Schnorr signatures: malleability?
For a Schnorr signature, we can prove non-forgeability. But in practice, Schnorr is not as standardized. There are many different variants of Schnorr signatures which have different verification schemes. Bitcoin has bip-scheme and also another blockchain uses a different type of Schnorr signature. What’s the right standard to use for Schnorr signatures?
There’s EC-SDSA, EC-SDSA-opt, EC-FFSDSA, EC-Schnorr, and many others.
Linearity
This is definitely a valid point. There’s an inverse of k, this is an issue with ECDSA that does not exist in Schnorr signatures. Given the non-linearity of ECDSA, are scriptless scripts possible? Is it possible but inefficient? Or is it possible with compromising on security? Maybe we need to introduce new security assumptions into the equation?
Linearity: observation
Threshold ECDSA struggled with the same problem of linearity. It’s not surprising that looking at existing solutions for ECDSA scriptless scripts, they are based on threshold ECDSA.
Scaling Bitcoin 2018
We gave a talk on “Instantiating scriptless 2p-ECDSA”. Clasiscally you can replace a multisig with a single sig using 2p-ECDSA. Then there was “Anonymous multi-hop locks for blockchain scalability and interoperability”. They define scriptless scripts over ECDSA by constructing this adaptor signature from Schnorr but for ECDSA. To do this, they also needed 2p-ECDSA. So it’s common to both of these.

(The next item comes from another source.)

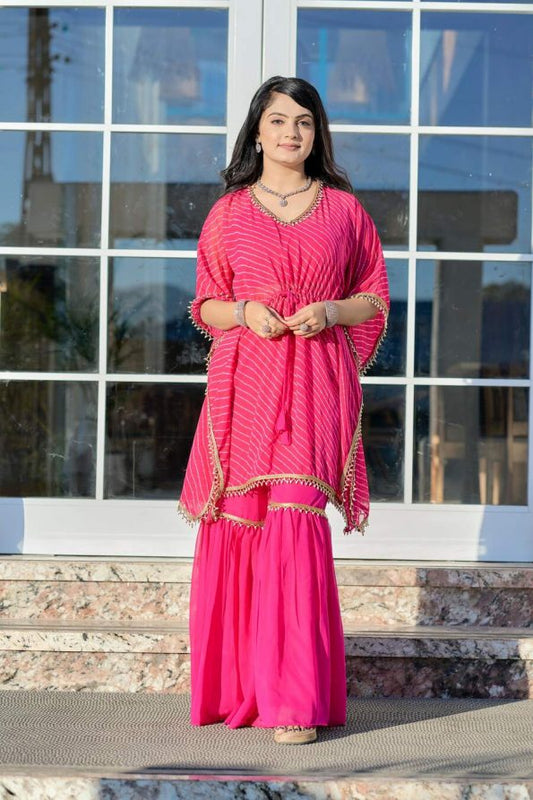 INDO WESTERN DESIGNER GEORGETTE LEHRIYA KAFTAN WITH STITCHED BLOUSE AND SHARARA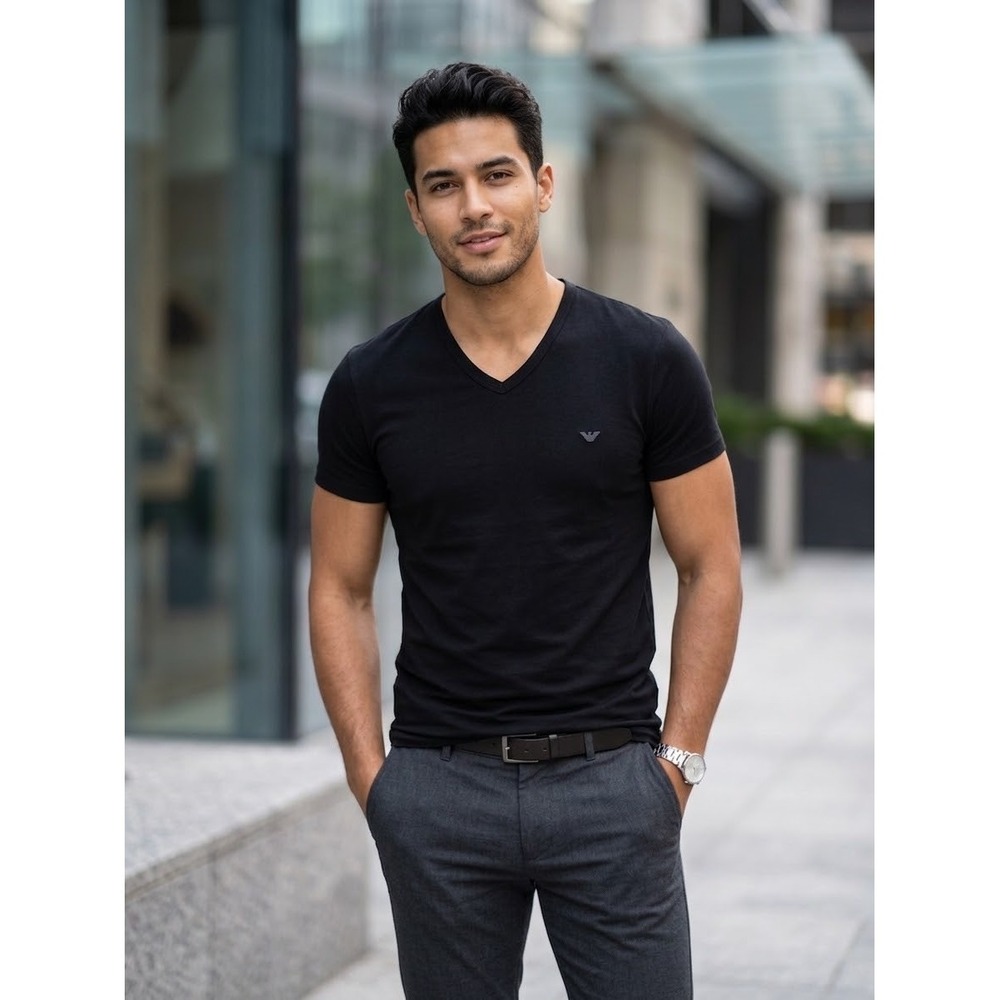 Emporio Armani Mens Black V-Neck T-Shirt Eagle Logo Size M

Fast secure two-party ECDSA signing (Yehuda Lindell)
Threshold ECDSA signatures
2p-ECDSA is an instance of threshold ECDSA protocols. Then I’ll explain the two-party ECDSA protocol. Is it efficient? Should it be used? How can we build on top of it and others?
Threshold signatures are described as two protocols. It’s key generation and signing. We have two parameters m and n. We need first a setup phase where we generate the key. (t,n) threshold signature scheme distributes signing power to n parties such that a threshold of the parties can sign.
Two-party keygen from Lindell 2017
https://github.com/KZen-networks/multi-party-ecdsa
There’s key exchange where at the end both parties agree on some public information, but then there’s an … we need to define or use a different… it adds some specific properties of homomorphism. I’ll mention it in a second. It basically uses this.. property… that there’s no leakage of x1 and x2.
What can we do with this? Well, we can sign. We basically run another diffie-hellman key exchange to get… and then we do this kind of computation to… this is what I mentioned before. This is specifically.. this kind of… but eventually one party will send… and the other party will do some more computation.. and be able to… such that verification will succeed. We calculate that this is unforgeable so that no single party can forge a signature without having access to both parties at the same time.
2p-ECDSA lock using MMSKM18
https://github.com/KZen-networks/multi-hop-locks
This is how to do adaptor signatures in ECDSA. The change is really minimal. When you’re generating some random point, instead of using the generator of the elliptic curve, we just use the …. in order to… eventually the adaptor would be s’, which is not an addition— and multiplication. Multiplication is possilbe given you have s’ and you need to do the inverse of t. It’s similar but different.
Possible issues
We see it’s definitely possible to use ECDSA scriptless scripts because we have ECDSA adaptor signatures and we can build other protocols on top of it.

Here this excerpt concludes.